-------- RECORDED DATA --------
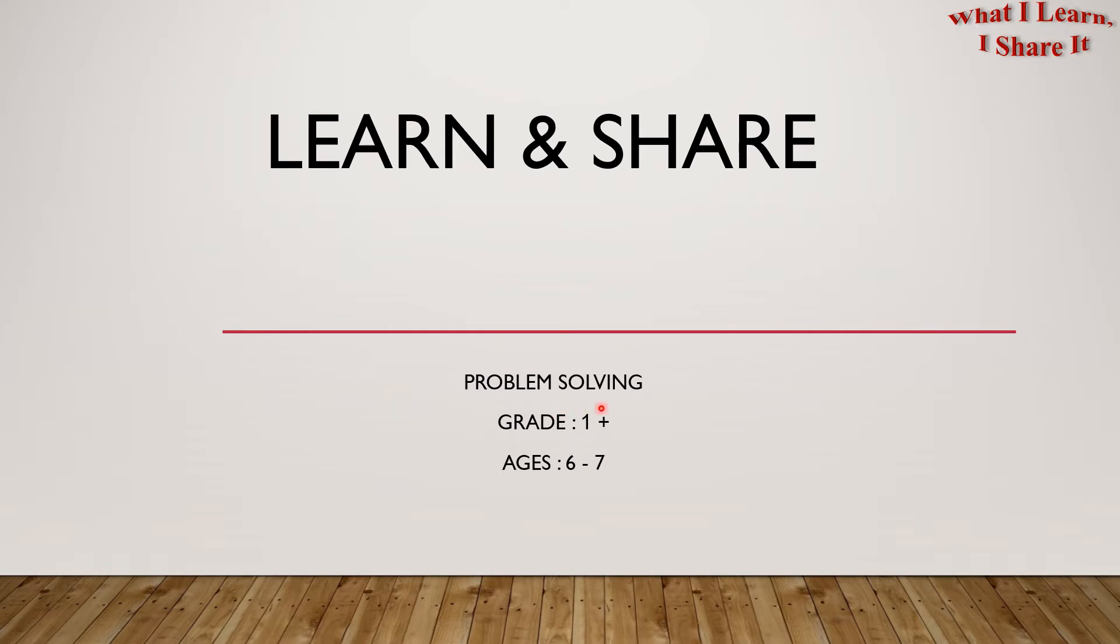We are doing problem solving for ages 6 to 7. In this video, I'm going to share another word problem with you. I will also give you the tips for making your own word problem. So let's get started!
--------
-------- RECORDED DATA --------
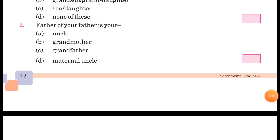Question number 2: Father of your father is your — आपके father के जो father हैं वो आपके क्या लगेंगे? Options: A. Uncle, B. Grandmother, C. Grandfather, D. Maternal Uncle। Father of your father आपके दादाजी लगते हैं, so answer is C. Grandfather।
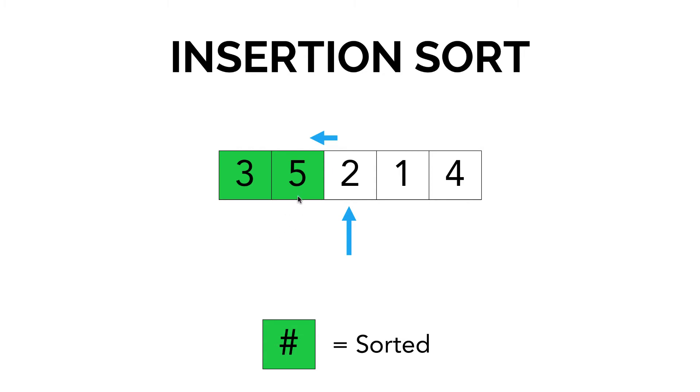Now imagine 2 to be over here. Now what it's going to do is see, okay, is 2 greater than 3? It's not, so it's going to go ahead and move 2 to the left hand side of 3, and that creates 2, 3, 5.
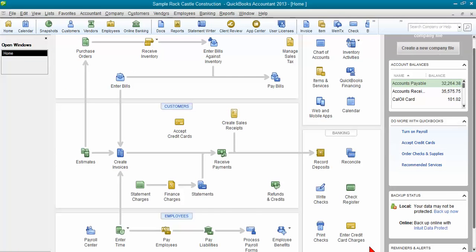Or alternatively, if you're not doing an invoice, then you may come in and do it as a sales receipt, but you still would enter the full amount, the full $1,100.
--------
THE TASK >> Out of the records above, set down only the lines from the one that contains "Question number 2: Father" through the one that contains "Or alternatively, if", unchanged and without the pictures.

TASK SOLUTION >>
Question number 2: Father of your father is your — आपके father के जो father हैं वो आपके क्या लगेंगे? Options: A. Uncle, B. Grandmother, C. Grandfather, D. Maternal Uncle। Father of your father आपके दादाजी लगते हैं, so answer is C. Grandfather।
Now imagine 2 to be over here. Now what it's going to do is see, okay, is 2 greater than 3? It's not, so it's going to go ahead and move 2 to the left hand side of 3, and that creates 2, 3, 5.
Or alternatively, if you're not doing an invoice, then you may come in and do it as a sales receipt, but you still would enter the full amount, the full $1,100.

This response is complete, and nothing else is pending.